Provided information ->
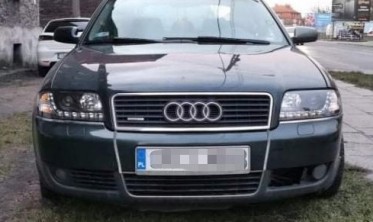 Фары передние тюнинговые Audi A6 C5 97-01 со светодиодами, черные фото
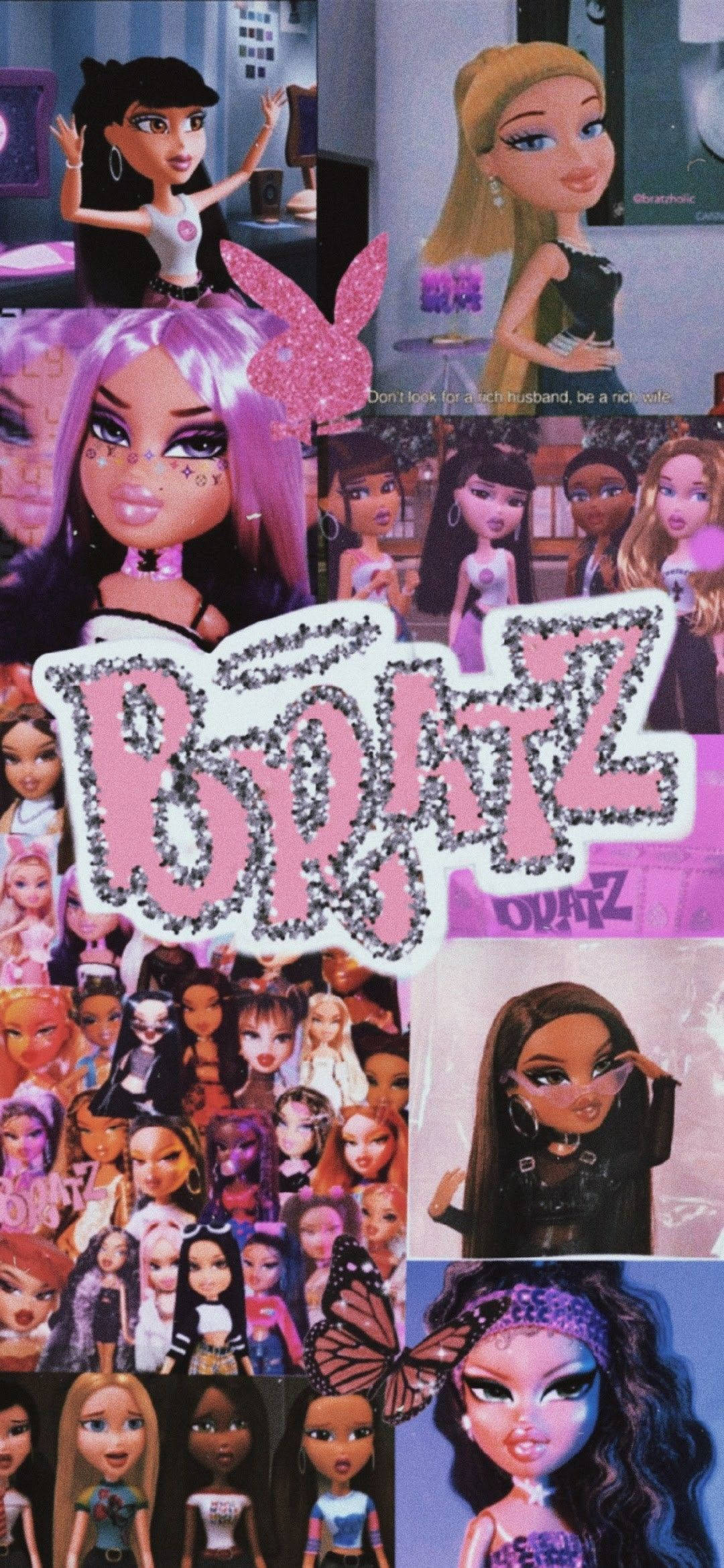 Bratz娃娃照片拼貼 壁紙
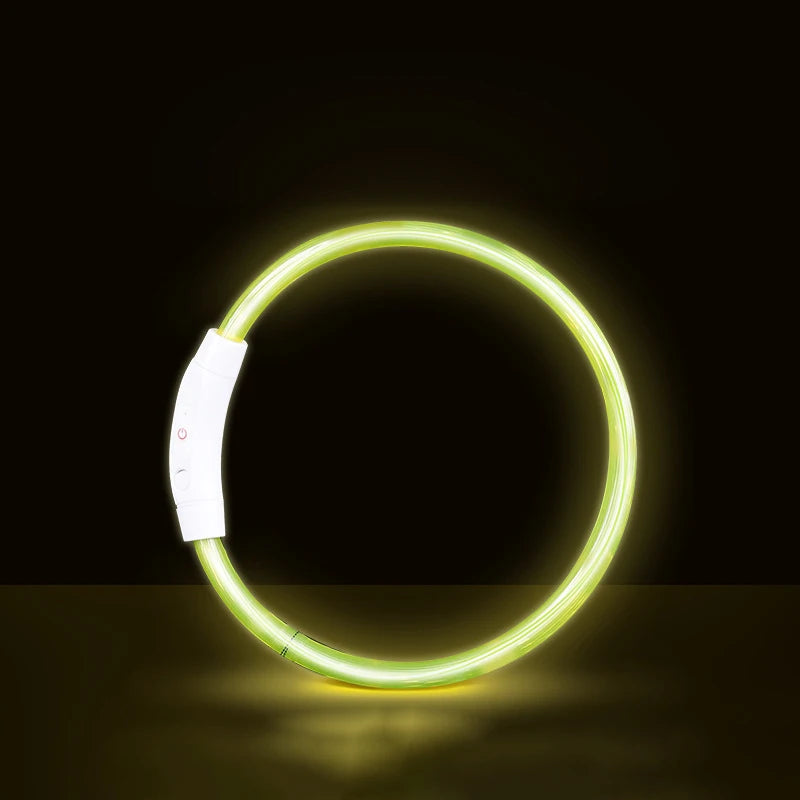 Led Luminous Dog Collar Rechargeable Cat Collar 3 Modes Anti-lost Night Collar Pet Supplies Suitable For Large Medium Small Dogs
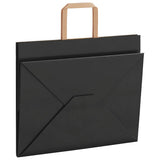 Paper Bags 250 pcs with Handles Black 32x22x24 cm 4101875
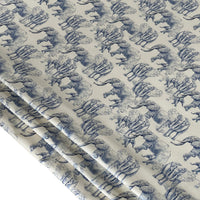Thumbnail for Blue Elephants Organic Cotton Print Safari Style Home Decor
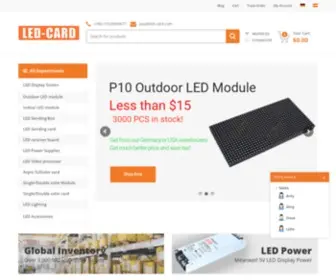 Led-Card.com(Online Shopping for LED Card) Screenshot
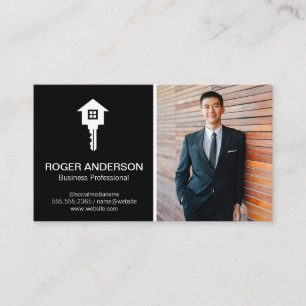 Logo de la clé   Carte de visite Business Man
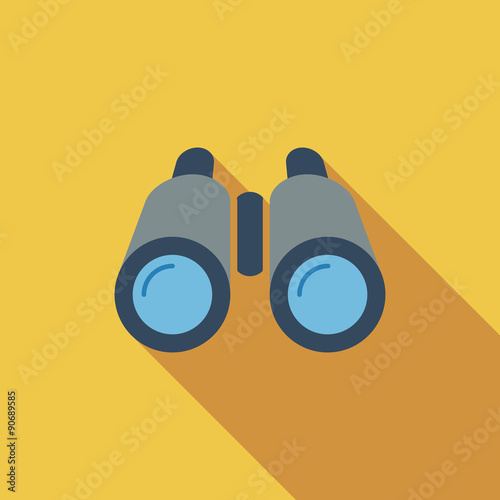 Binoculars flat icon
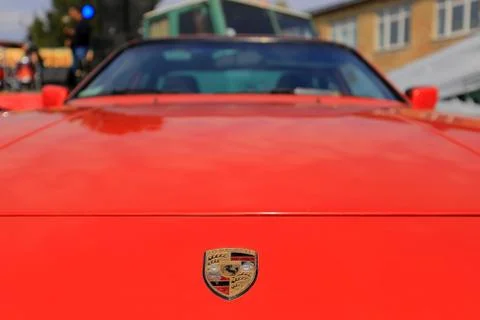 Porsche badge Stock Photos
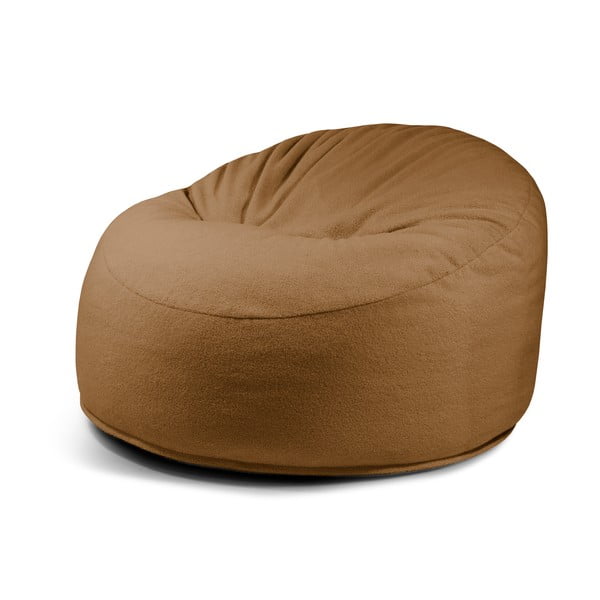 Кафяв пуф от букле Om 110 – SLOWDOWN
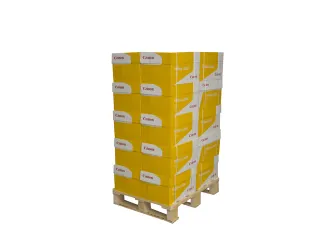 Kopieerpapier Canon Yellow label Copy A4 80 Gram pak 500vel Pallet - 2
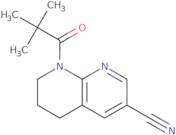 8-Pivaloyl-5,6,7,8-tetrahydro-1,8-naphthyridine-3-carbonitrile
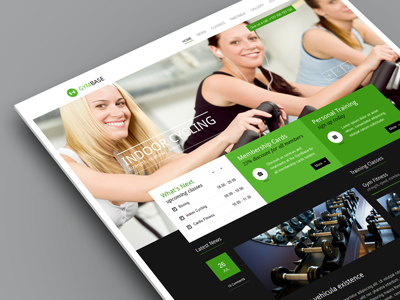 Gymbase - Gym Fitness WordPress Theme aerobic black bodybuilding boxing clean crossfit fitness fitness center gym health minimalistic responsive spa sport template theme training wordpress workout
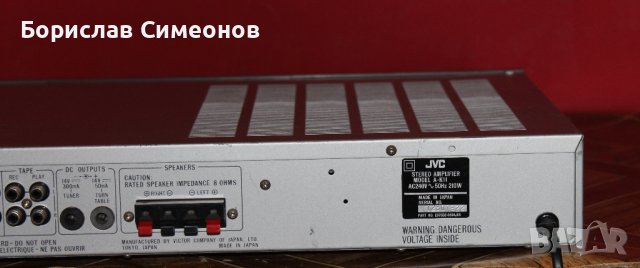 Усилвател JVC A-K11, снимка 7 - Ресийвъри, усилватели, смесителни пултове - 41542337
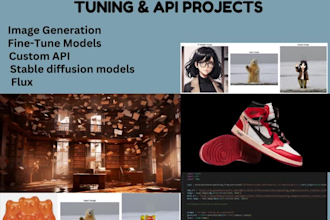 do stable diffusion, flux, sd3 lora models, gan fine tuning and api projects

The problem -> Return, unchanged, the lines from the first line of the material through the line that holds "Kopieerpapier Canon Yellow", inclusive, omitting pictures.

Solved problem ->
 Фары передние тюнинговые Audi A6 C5 97-01 со светодиодами, черные фото
 Bratz娃娃照片拼貼 壁紙
 Led Luminous Dog Collar Rechargeable Cat Collar 3 Modes Anti-lost Night Collar Pet Supplies Suitable For Large Medium Small Dogs
 Paper Bags 250 pcs with Handles Black 32x22x24 cm 4101875
Thumbnail for Blue Elephants Organic Cotton Print Safari Style Home Decor
 Led-Card.com(Online Shopping for LED Card) Screenshot
 Logo de la clé   Carte de visite Business Man
 Binoculars flat icon
 Porsche badge Stock Photos
 Кафяв пуф от букле Om 110 – SLOWDOWN
 Kopieerpapier Canon Yellow label Copy A4 80 Gram pak 500vel Pallet - 2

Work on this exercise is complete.